▶ SOURCE DATA:
::::

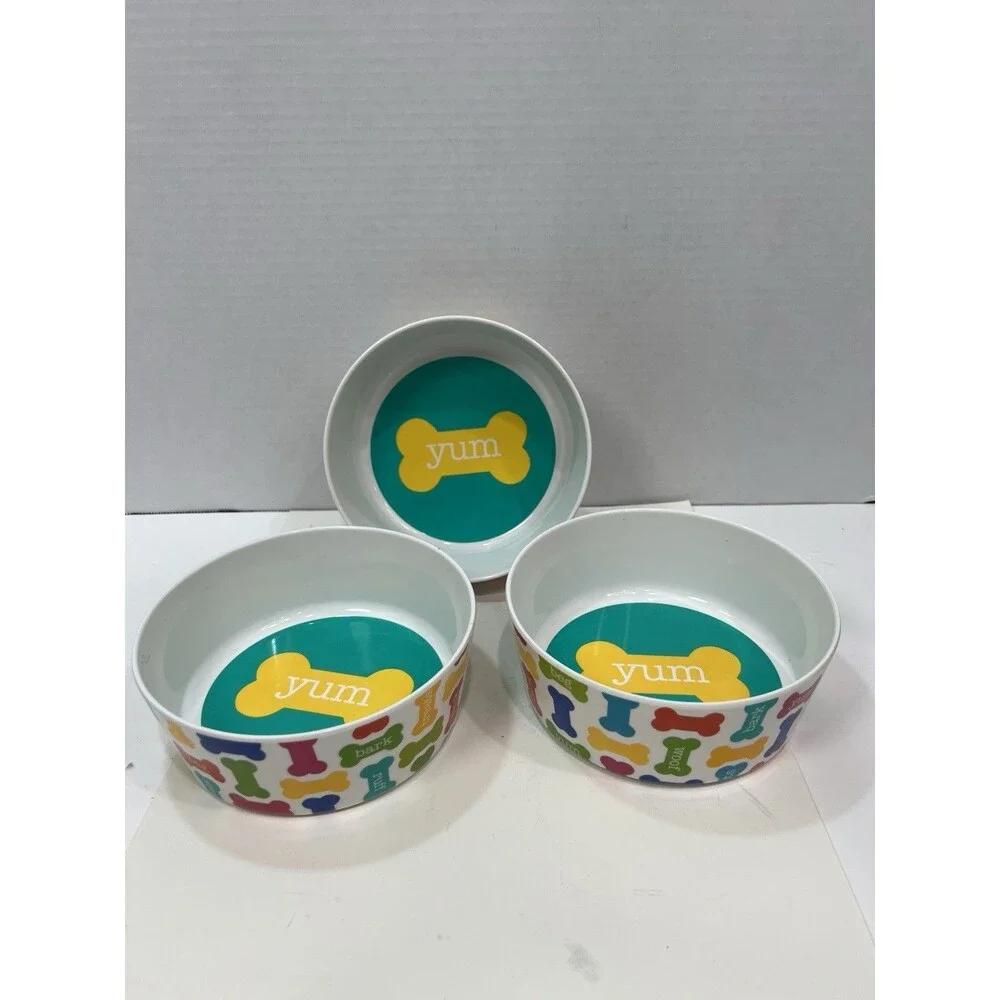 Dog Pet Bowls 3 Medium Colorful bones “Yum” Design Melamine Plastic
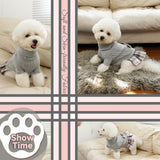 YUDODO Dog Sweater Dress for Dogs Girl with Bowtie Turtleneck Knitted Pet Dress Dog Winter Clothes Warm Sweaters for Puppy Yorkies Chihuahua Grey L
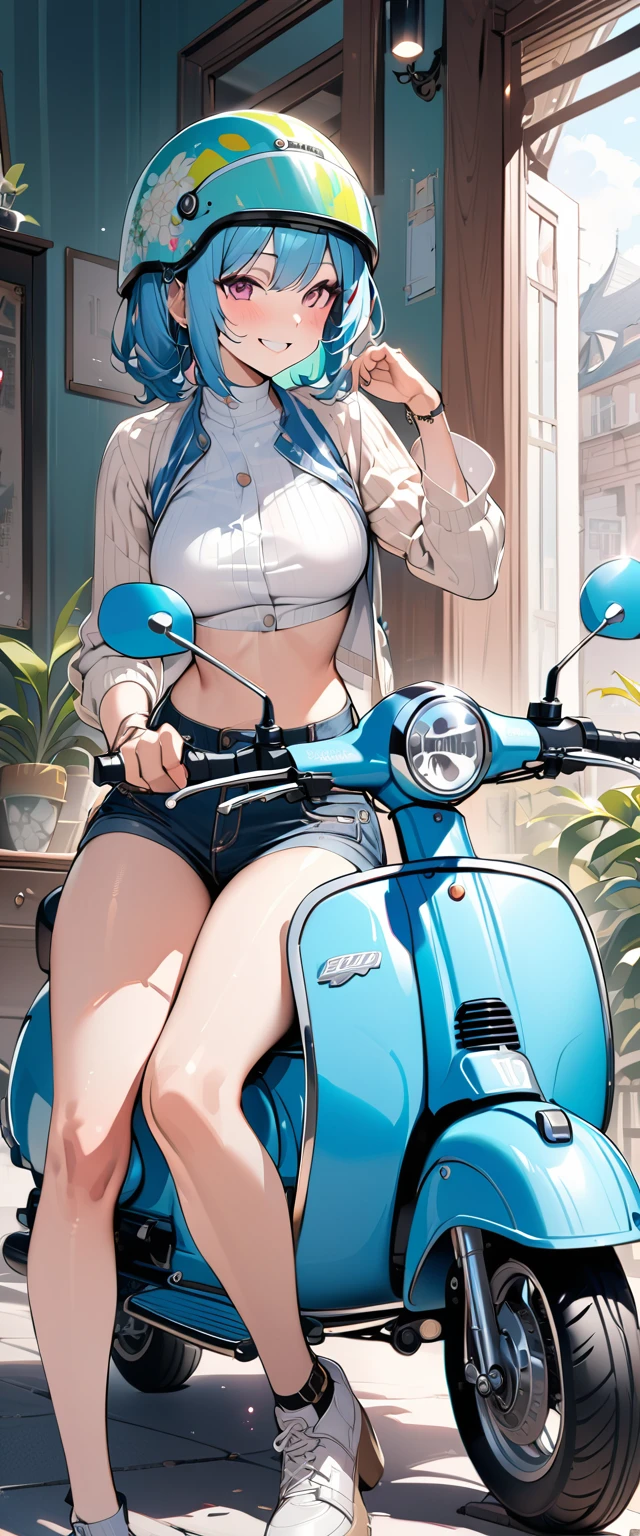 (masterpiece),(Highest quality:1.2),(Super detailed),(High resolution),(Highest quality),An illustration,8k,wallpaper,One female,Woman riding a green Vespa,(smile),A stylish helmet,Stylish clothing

::::

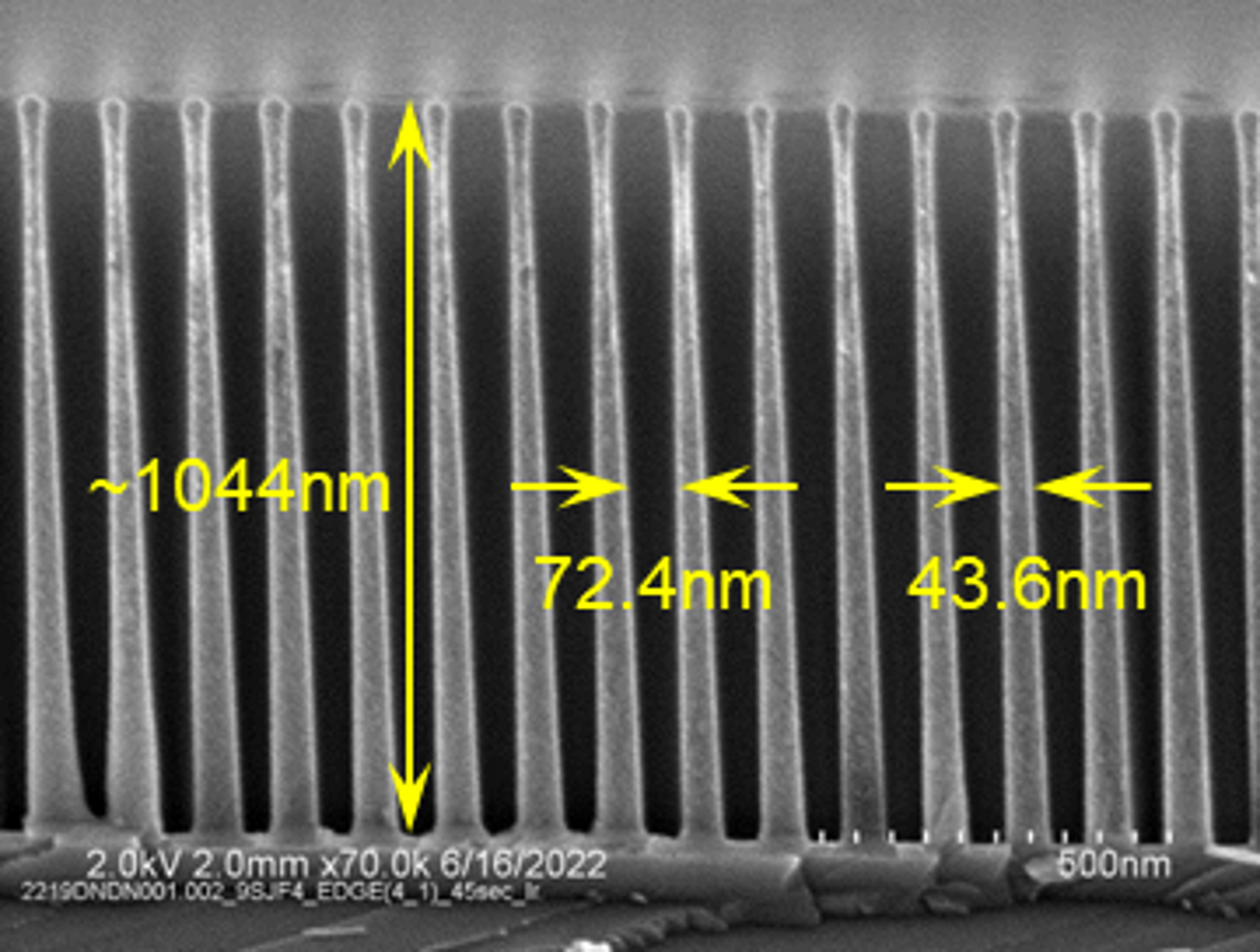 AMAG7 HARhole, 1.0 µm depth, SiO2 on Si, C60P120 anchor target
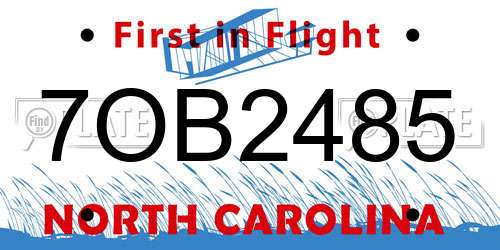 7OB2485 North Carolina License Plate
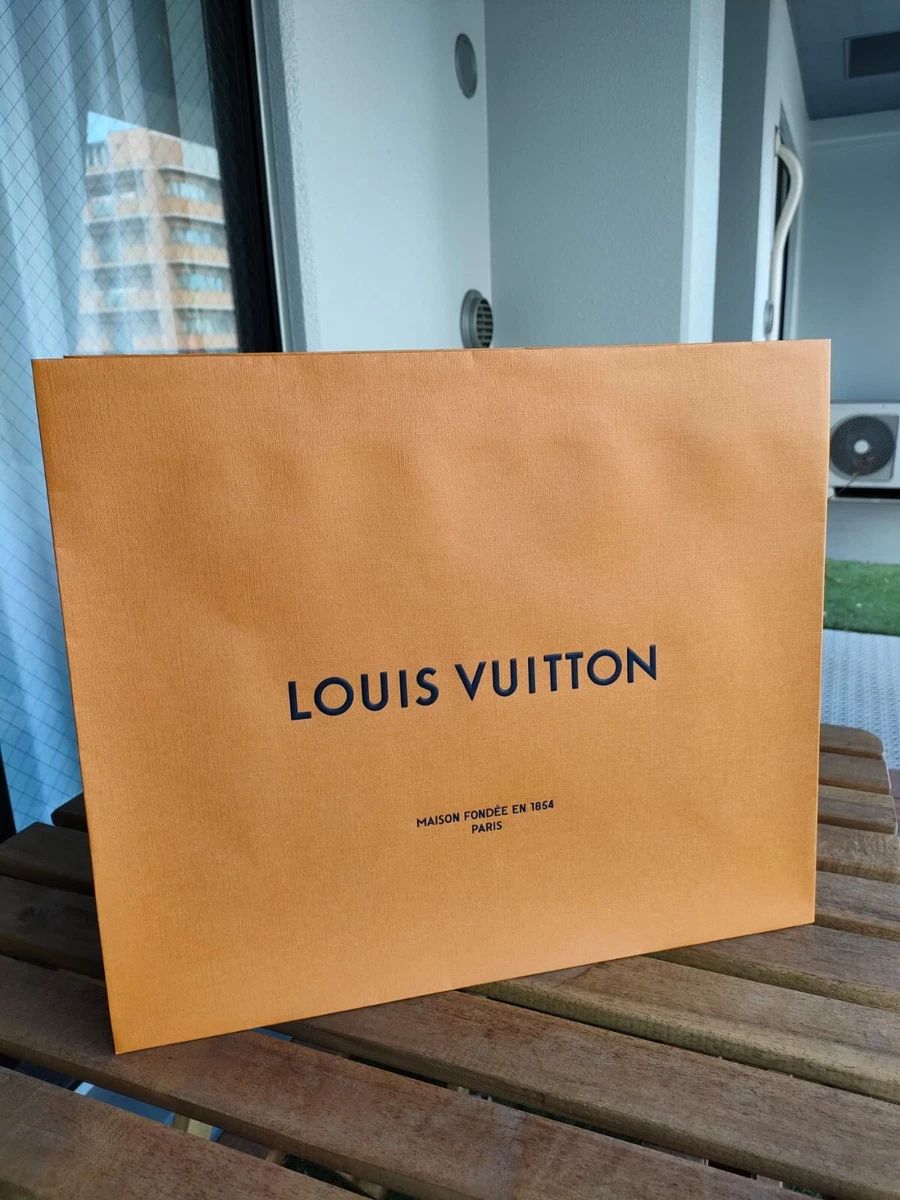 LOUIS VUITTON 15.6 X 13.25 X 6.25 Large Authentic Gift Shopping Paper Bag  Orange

::::

▶ TASK REQUIREMENTS: In the listing above, find the line with "7OB2485 North Carolina License Plate" and the line with "LOUIS VUITTON 15.6". Copy both of them and every line between, exactly, but not the pictures.

▶ ANSWER BOX:
 7OB2485 North Carolina License Plate
 LOUIS VUITTON 15.6 X 13.25 X 6.25 Large Authentic Gift Shopping Paper Bag  Orange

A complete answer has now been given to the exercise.